**How to complete this task:**
The required output is the exact run of lines in the listing below from the line holding "Italian Grinder Pasta Salad" through the line holding "Wooly Winter Sticker Collection", with no pictures.

**Exercise materials:**
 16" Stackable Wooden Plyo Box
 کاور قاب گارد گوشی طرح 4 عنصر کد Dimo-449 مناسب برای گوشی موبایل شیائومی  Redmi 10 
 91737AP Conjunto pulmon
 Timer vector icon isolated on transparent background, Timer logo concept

---

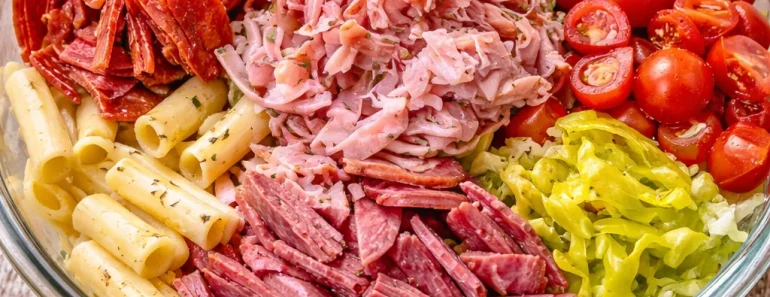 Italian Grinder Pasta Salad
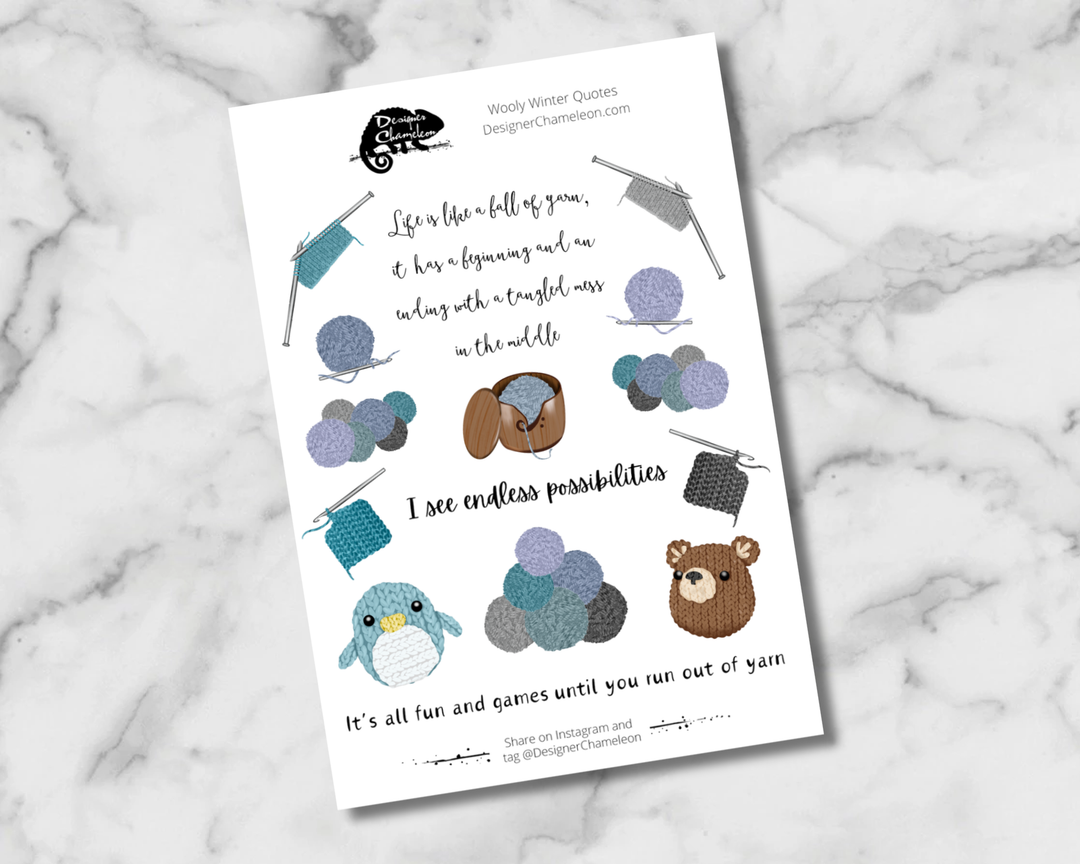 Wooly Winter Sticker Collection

**Task result:**
 Italian Grinder Pasta Salad
 Wooly Winter Sticker Collection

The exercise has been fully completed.